Task instructions:
Using only the entries below, copy exactly the lines that begin at the one with "Wholesale Children's Boutique" and end at the one with "Wall Clocks 7.5cm", both included. Drop the pictures.

Records supplied:
--*--

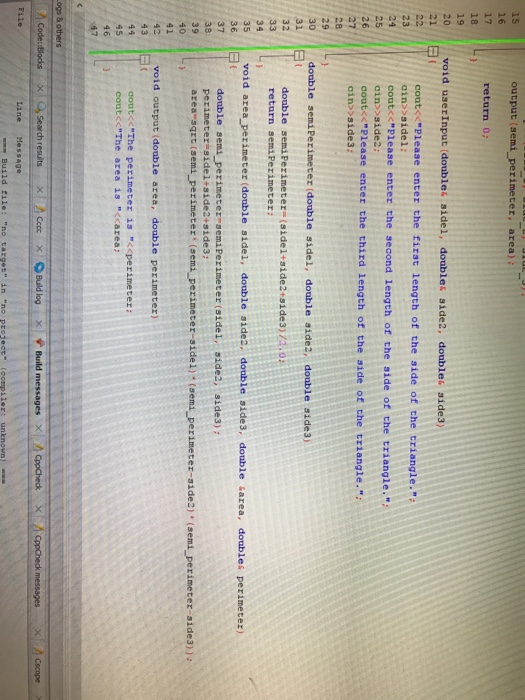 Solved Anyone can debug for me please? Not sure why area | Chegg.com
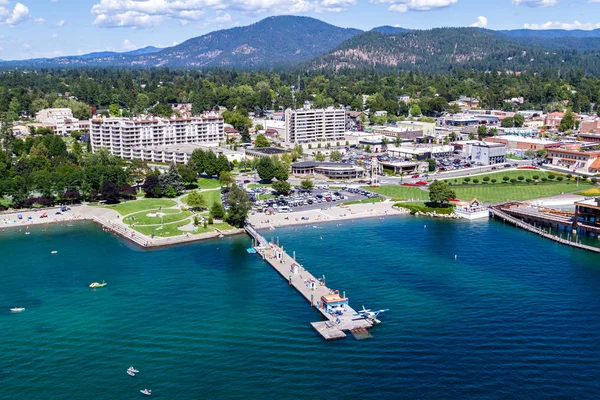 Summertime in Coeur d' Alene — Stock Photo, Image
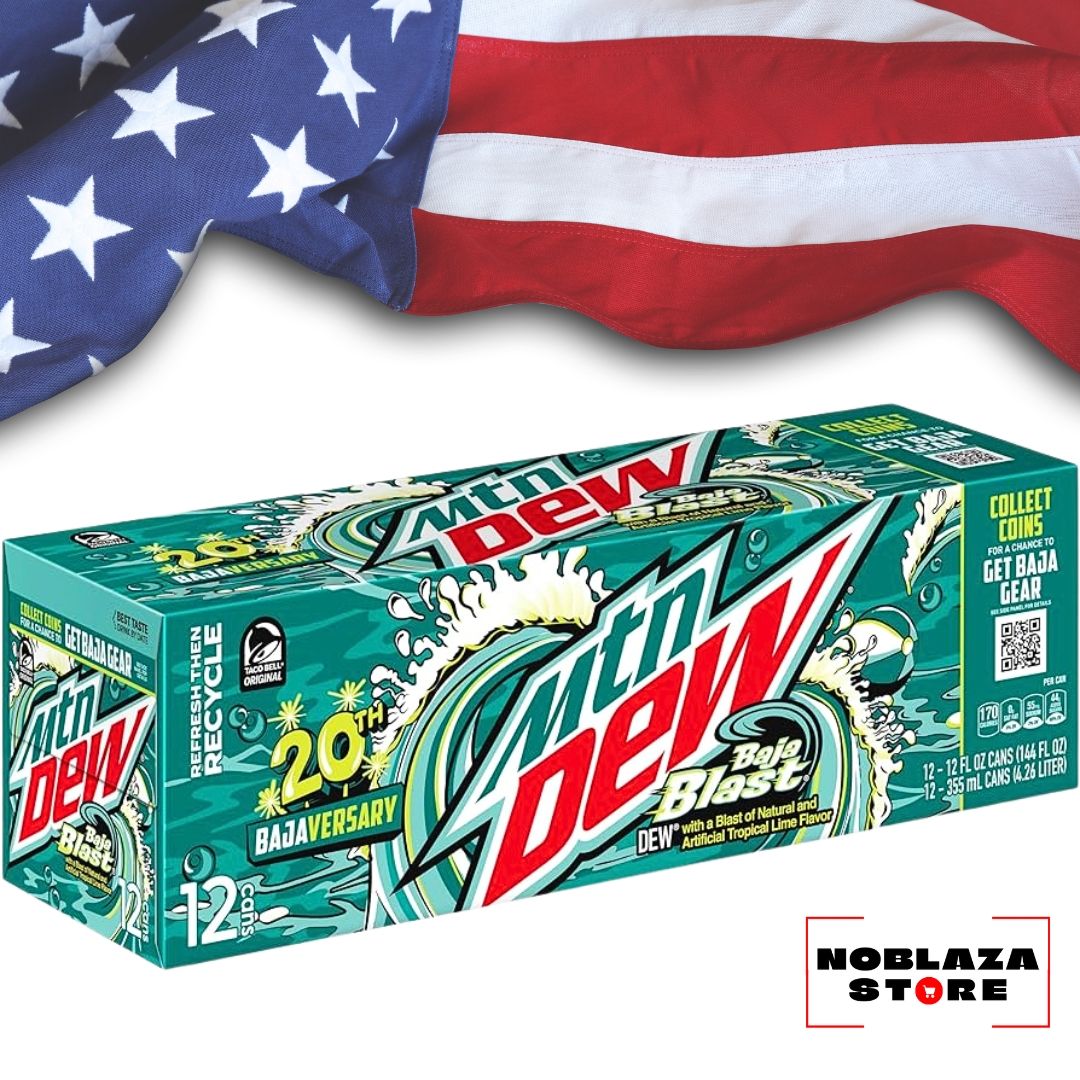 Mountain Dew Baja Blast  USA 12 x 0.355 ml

--*--

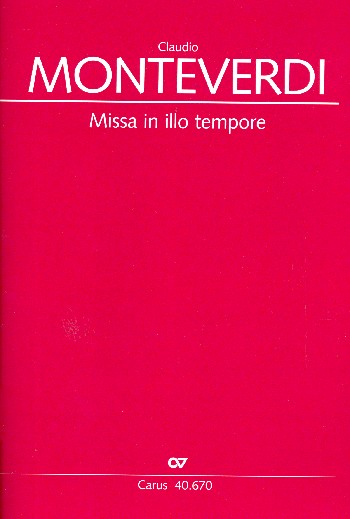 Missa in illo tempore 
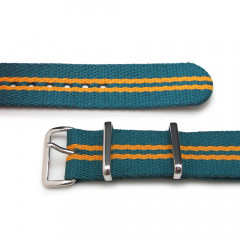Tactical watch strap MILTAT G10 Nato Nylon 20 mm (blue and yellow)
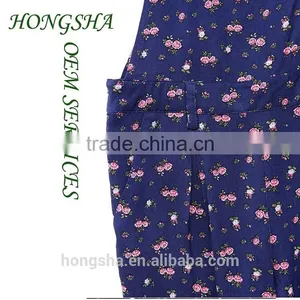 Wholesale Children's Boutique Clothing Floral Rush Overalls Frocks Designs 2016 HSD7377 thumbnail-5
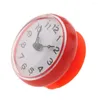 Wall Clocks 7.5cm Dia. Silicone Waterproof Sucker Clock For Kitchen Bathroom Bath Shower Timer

--*--

Answer for the task:
 Wholesale Children's Boutique Clothing Floral Rush Overalls Frocks Designs 2016 HSD7377 thumbnail-5
 Wall Clocks 7.5cm Dia. Silicone Waterproof Sucker Clock For Kitchen Bathroom Bath Shower Timer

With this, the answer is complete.